Cette expérience si simplement humaine est devenue, pour les mages, la figure d’une autre aventure, tout intérieure celle-là. En effet, la découverte d’une étoile, et de ce qu’elle annonce, ne suppose-t-elle pas un départ, un voyage, un exil, et l’acceptation d’un dépouillement? L’Evangile de ce jour, à travers le récit de leur pérégrination, nous invite à découvrir le visage intérieur de cette découverte.

Dès les premiers versets, Saint Matthieu nous présente, en quelques mots, ces étranges personnages. On ne sait pas grand chose d’eux, on ne connaît ni leur nom, ni d’où ils viennent exactement, sinon qu’ils viennent d’un lointain Orient. Or voilà déjà une indication des plus surprenantes. En effet, n’est-ce pas vers cet Orient lointain,cet Orient mythique que celui qui cherche la lumière, qui désire l’illumination et la sagesse, devrait normalement se tourner? Or nos mages en viennent, ou peut-être même en reviennent. Là-bas, ils n’ont rien trouvé, rien d’autre qu’une étoile, qui les ramène vers l’occident, vers l’obscurité et le froid.

Et ces hommes qui ont su quitter leurs rêves de lumière, leurs rêves d’Orient,  parce qu’ils ont su quitter tout ce qui les retenait attachés, les voilà qui arrivent à Jérusalem, et qui se mettent à interroger, à demander. Eux, pourtant réputés sages et savants, les voici qui avouent leur ignorance. L’étoile les a guidés jusqu’à leur propre nuit, leur propre ignorance, jusqu’à ce seuil intime où tout devient nuit. Ils savent désormais qu’ils ne savent pas. Ils quêtent un indice, un début de réponse, un signe. Ils sont prêts, désormais, à recevoir d’un autre ce qu’ils avaient tant cherché, avec leurs propres forces.

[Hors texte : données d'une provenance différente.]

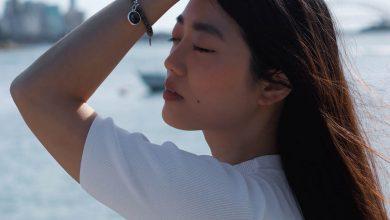 КёРи / GyeoRi / 겨리: Значение и перевод имени КёРи / GyeoRi / 겨리: Значение и перевод имени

C’est pourquoi l’étoile peut, de nouveau, briller dans leur ciel, cette étoile que tant d’autres ont vue, mais qu’ils n’ont pas reconnue. Et la clarté familière les conduit, au creux du silence de la nuit, auprès de ce Dieu improbable, qu’avaient annoncé les Prophètes d’autrefois: « et toi, Béthléem en Judée, tu n’es certes pas le dernier parmi les chefs-lieux de Judée; car de toi sortira un chef, qui sera le berger d’Israël mon peuple » .

Alors, au coeur la nuit, malgré l’invraisemblable dénuement de ce Roi qu’ils cherchaient, malgré la démesure de ce Dieu, qui s’est fait si petit, ils sont désormais capables de le trouver et de le reconnaître. Sans doute faut-il avoir traversé bien des nuits, bien des tempêtes, et avoir suivi longtemps une étoile vacillante dans la nuit la plus opaque, pour reconnaître enfin la lumière de Dieu, là où tant d’autres ne voient rien.

Ce que le récit des mages nous enseigne, c’est qu’il est nécessaire, comme les Apôtres en feront eux-mêmes l’expérience, de laisser derrière soi tous nos rêves trompeurs d’Orient, d’humaine sagesse, comme le dira Saint Paul. Il nous enseigne qu’il faut s’aventurer, au delà de tout ce qui est connu et aimé, sur l’obscur chemin de Jésus, et d’interroger, avec humilité et patience, les Ecritures, et ceux qui nous l’enseignent, pour pouvoir enfin reconnaître la lumière véritable.

C’est donc à un véritable parcours initiatique que nous invite Saint Matthieu, en nous offrant cette carte, cet itinéraire de la vie intérieure. Mais sommes-nous prêts à le suivre?